2.2. Mean field expressions of lattice models

In lattice models, a viral capsid was meshed into a set of homogeneous or heterogeneous sites located at the centers of mass of the subunits and separated by a distance of $2R_{\mathrm{d}}$. Figure 1 shows a meshing scheme of a CCMV capsid. Considering the short-range nature of the hydrophobic interaction between subunits, the sites were set to interact with their nearest neighbors by a pairwise potential ${ϵ}_{\mathrm{h}\mathrm{p}}$. To estimate the electrostatic interactions, we assumed that the subunits on lattice sites met the condition $e\varphi /k_{\mathrm{B}}T<1$, where $\varphi$ is the surface electric potential of the subunits, and then the electrostatic interaction between the occupied sites was simply evaluated by a linearized Poisson–Boltzmann equation. For two occupied sites carrying an effective charge Z and separated by a distance $r$, the pairwise electrostatic interaction is given by [32]
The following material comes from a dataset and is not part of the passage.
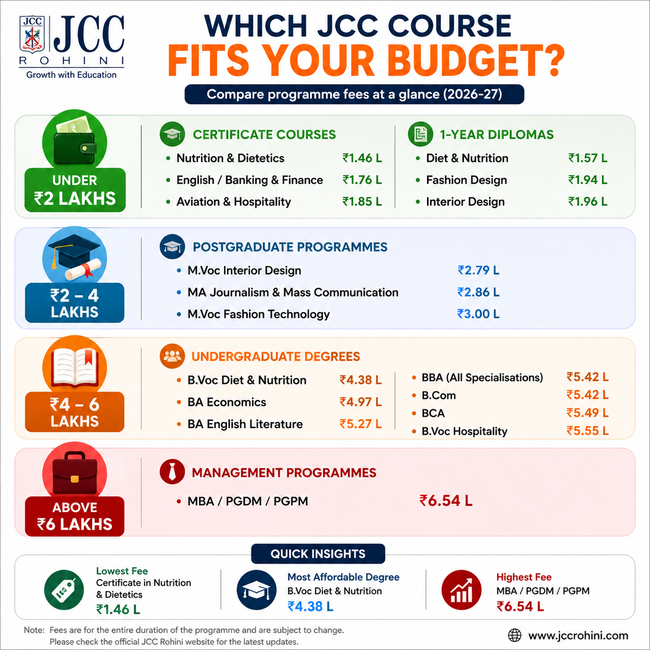 JCC Rohini Courses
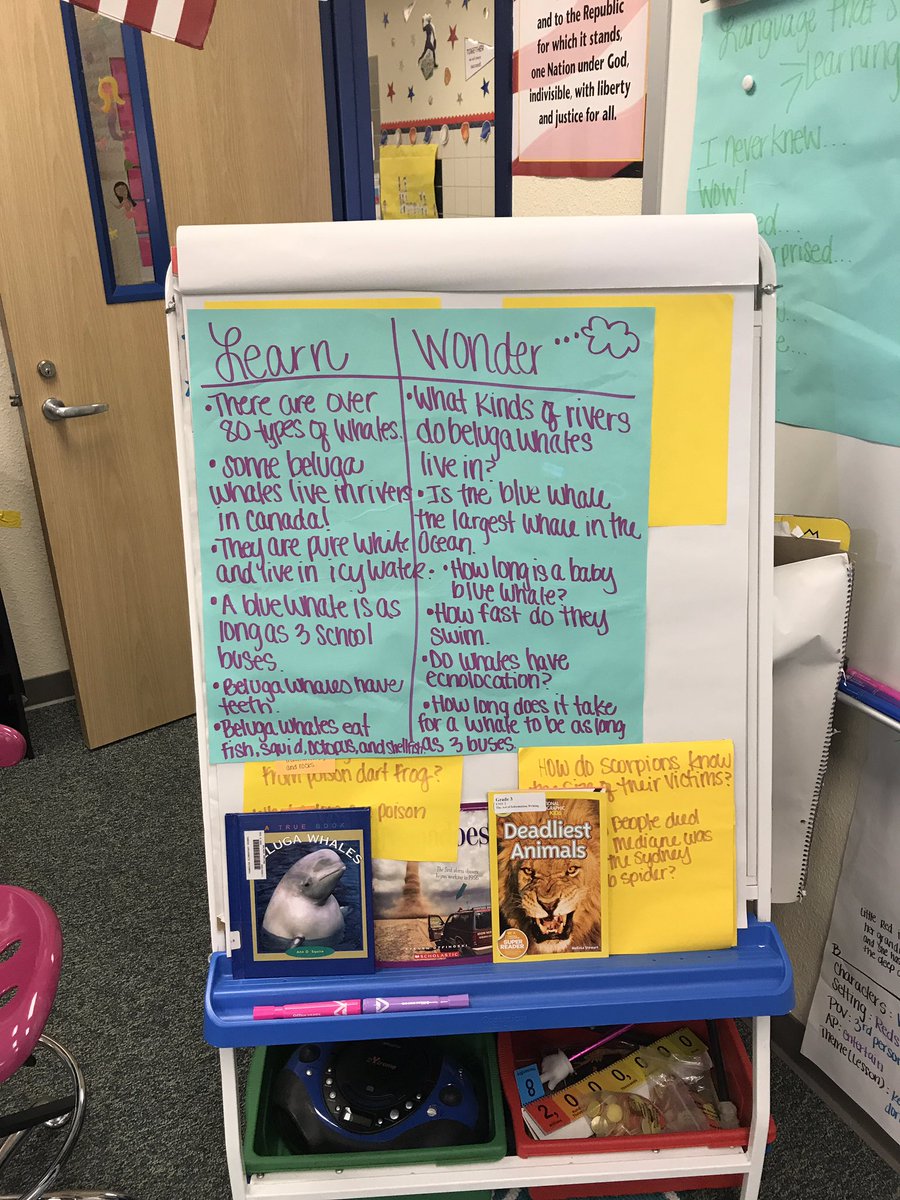 cmarshall1017's tweet photo. My students are loving our informational unit! We are learning so much new information! @Parkview_Elem #emsproud #emselar https://t.co/frrkg3UIrF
$${\displaystyle \begin{array}{l}{\displaystyle U(r)=\frac{Z^2{e}^2}{4\pi {\epsilon }_0{\epsilon }_{\mathrm{r}}{(1+R_{\mathrm{d}}\kappa )}^2}\frac{\exp [-\kappa (r-2R_{\mathrm{d}})]}{r}}\end{array}}$$ 1

where ${\epsilon }_0$ and ${\epsilon }_{\mathrm{r}}$ are the vacuum permittivity and the dielectric constant (80 for water) respectively, while the Debye screening length ${\kappa }^{-1}=\sqrt{{\epsilon }_0{\epsilon }_{\mathrm{r}}{k}_{\mathrm{B}}T/2e^2{c}_{\mathrm{s}}}$ is related to temperature T and solution salinity $c_{\mathrm{s}}$.

Figure 1.

The distribution of dimers on CCMV capsid (CC dimers in red and AB dimers in cyan) (left) and its corresponding meshed scheme, the homogenous lattice (middle) and the two-component heterogeneous lattice (right). In heterogeneous lattice, blue beads and red beads represent AB dimers and CC dimers, respectively.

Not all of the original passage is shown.